At the beginning of every China New Year, AsianInvestor makes 10 predictions about economic, political and financial developments that are likely to have an impact on the way institutional investors assign their money.
This last question focuses on which mainstream and alternative asset class will offer the best risk-adjusted returns.
Which asset class will offer the best risk-adjusted returns?
Answer: Emerging market equities (mainstream), private credit (alternative)
Emerging market shares took a disproportionately big hit last year as global stock markets, generally, came under pressure – while the MSCI World Index fell 8.71%, the MSCI Emerging Markets Index lost 14.57%.
Turkey and Argentina were notable weak spots as rising US interest rates and dollar strength combined with questionable domestic policies to draw capital out of these markets. The Global X MSCI Argentina index, for example, weakened by 33.7% over the course of 2018, contrasting with the positive 54.4% it delivered in 2017.
Signs of a slowdown in global economic growth also shook up emerging markets. China’s major index, the Shanghai Composite, ended 2018 down 24.6%.
The world's second-biggest economy has since continued to show weakness, with data published this year showing 6.4% year-on-year growth for the fourth quarter past – the slowest rate of growth since the global financial crisis.
Coupled with the ongoing US-China trade spat, there are multiple reasons to be gloomy about the outlook both about Chinese and, more broadly, emerging market shares.

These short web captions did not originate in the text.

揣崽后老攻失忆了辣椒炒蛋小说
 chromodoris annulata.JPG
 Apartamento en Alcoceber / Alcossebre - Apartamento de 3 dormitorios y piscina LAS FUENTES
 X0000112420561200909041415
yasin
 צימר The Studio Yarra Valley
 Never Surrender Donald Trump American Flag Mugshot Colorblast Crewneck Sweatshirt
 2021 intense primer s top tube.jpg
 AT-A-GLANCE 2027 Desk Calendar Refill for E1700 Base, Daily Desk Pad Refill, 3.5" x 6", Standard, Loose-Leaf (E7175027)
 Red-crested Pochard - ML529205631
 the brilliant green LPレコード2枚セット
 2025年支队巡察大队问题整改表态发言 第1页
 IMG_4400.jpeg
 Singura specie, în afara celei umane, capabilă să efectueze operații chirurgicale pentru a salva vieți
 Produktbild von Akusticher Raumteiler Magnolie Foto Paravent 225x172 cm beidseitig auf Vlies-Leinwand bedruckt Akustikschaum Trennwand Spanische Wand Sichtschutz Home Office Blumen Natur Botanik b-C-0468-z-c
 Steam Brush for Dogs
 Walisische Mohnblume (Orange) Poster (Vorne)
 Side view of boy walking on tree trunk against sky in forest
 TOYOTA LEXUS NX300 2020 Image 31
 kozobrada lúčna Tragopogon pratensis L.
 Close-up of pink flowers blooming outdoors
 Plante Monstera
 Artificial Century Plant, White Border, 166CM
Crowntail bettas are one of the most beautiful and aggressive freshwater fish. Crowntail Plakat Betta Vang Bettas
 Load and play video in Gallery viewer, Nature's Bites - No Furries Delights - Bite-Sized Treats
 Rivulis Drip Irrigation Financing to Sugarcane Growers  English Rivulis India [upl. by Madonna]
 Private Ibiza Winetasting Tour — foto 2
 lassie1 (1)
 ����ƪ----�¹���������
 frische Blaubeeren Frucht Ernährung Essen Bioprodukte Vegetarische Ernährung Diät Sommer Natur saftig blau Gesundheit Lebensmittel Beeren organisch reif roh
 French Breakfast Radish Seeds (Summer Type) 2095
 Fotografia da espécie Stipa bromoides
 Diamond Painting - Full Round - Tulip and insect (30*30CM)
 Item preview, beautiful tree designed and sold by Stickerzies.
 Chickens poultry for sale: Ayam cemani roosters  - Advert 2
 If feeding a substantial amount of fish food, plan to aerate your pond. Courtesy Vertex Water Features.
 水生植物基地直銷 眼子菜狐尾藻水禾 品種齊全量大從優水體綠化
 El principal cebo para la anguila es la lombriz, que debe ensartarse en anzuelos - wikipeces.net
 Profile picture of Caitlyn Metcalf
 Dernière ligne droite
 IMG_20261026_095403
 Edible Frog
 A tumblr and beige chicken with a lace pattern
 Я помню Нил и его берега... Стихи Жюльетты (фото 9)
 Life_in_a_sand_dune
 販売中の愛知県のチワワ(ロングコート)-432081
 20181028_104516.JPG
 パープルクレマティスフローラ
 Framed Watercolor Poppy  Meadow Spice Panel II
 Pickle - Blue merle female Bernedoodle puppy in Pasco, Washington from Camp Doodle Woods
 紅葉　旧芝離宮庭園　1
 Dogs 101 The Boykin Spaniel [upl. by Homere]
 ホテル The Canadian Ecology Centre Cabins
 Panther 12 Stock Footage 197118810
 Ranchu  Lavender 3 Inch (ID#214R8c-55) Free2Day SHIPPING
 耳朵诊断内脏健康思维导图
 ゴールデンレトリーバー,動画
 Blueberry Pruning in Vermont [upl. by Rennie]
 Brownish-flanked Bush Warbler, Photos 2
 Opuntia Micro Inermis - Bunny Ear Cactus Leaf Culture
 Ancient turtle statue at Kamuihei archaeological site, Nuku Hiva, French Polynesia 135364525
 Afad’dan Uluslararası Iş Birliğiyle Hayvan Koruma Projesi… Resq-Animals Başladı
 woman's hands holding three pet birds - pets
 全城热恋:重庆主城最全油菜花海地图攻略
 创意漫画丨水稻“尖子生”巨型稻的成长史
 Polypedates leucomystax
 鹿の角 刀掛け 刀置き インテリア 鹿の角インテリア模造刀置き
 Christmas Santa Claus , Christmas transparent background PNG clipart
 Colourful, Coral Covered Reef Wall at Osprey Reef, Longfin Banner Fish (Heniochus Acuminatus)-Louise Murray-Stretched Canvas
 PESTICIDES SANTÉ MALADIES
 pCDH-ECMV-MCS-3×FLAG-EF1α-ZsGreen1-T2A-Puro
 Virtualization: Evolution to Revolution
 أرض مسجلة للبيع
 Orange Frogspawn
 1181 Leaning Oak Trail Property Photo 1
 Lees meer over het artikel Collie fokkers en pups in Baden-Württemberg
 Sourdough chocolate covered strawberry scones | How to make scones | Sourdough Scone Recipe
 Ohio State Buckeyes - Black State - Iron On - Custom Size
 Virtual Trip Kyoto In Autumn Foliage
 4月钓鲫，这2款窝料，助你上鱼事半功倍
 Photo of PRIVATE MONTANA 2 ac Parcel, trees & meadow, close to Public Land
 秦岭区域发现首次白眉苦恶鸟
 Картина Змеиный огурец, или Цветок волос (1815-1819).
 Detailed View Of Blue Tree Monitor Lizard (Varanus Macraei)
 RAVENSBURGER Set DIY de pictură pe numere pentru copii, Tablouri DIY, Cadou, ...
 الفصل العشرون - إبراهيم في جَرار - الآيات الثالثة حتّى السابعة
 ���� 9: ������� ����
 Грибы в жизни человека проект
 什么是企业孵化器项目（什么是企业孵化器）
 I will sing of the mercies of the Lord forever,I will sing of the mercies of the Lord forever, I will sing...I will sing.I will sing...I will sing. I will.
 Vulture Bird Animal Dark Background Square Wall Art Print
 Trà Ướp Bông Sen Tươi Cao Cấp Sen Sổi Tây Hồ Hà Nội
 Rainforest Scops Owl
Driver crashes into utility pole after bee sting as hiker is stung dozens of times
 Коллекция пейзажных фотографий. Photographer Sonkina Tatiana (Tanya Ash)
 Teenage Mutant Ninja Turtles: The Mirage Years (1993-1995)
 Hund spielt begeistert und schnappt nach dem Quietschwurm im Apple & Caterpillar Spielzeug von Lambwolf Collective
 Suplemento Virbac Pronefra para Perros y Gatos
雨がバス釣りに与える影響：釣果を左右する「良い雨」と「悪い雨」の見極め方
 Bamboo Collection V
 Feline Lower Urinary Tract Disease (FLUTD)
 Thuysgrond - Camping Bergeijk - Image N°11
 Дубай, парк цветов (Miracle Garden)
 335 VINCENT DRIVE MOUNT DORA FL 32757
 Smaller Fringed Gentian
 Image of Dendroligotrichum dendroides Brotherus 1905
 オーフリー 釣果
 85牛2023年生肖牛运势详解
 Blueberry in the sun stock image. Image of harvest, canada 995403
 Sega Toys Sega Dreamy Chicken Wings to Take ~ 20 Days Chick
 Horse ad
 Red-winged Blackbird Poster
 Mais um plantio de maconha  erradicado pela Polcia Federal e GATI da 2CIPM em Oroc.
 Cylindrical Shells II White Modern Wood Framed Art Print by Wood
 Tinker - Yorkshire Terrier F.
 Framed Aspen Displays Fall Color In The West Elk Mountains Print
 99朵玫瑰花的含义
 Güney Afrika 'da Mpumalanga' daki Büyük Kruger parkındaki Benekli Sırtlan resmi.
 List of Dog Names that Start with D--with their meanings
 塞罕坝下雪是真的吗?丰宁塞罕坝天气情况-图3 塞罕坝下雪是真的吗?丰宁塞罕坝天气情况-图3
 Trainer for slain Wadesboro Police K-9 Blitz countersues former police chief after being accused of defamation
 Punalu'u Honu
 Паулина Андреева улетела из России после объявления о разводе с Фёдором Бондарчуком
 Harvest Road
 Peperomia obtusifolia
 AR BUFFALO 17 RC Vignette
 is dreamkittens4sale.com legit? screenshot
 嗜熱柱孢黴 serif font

But, as the saying goes, with crisis comes opportunity.
EMERGING MARKET EQUITIES
We believe emerging market stocks present the best risk-adjusted investment opportunity over the coming year.
One thing in their favour is that they are cheaper. Although developed market equities also suffered last year, with the S&P 500 losing 6.2% in 2018, some valuations, not least high-growth tech companies, are still considered overpriced on Wall Street, one UK-based investment consultant told AsianInvestor.
At its peak last year the S&P 500 was trading at 19.5 times forward earnings. By Wednesday's close, it was at 16.25 times, based on WSJ markets data.
Whether that's enough of a concession to investors remains to be seen. But it stands in contrast to emerging markets, where the corresponding ratio was below 12 times, according to a Yardeni Research briefing published this week.
That said, there are still troubling political and economic undercurrents in some places that could yet hurt the emerging markets asset class, not least in Venezuela.
So it remains as important as ever to construct a diversified portfolio with multiple assets in different geographies to successfully navigate the darkest trenches of the market.
When it comes to alternative investments, private credit is our pick for the coming year.
The asset class is certainly attracting interest from asset owners.
For example, The Swiss-based insurer, Zurich’s Hong Kong and Singapore arms, expected to dip their toes in direct lending while Taiping Investment Holdings, which is tasked with overseeing up to 25% of China Taiping Insurance’s alternative asset portfolio, is eyeing more private senior secured loans.
As one US-based asset manager told AsianInvestor, senior loans, opportunistic and distress debt are some of the specific strategies to look out for this year.
Private debt may be gaining more institutional investor interest, and there is the risk that rising rates cause more defaults and impact the yields available. But the asset class also offers a fairly predictable level of return, and in types of investments that aren't directly correlated with capital market assets.
For many investors, that's appealing enough.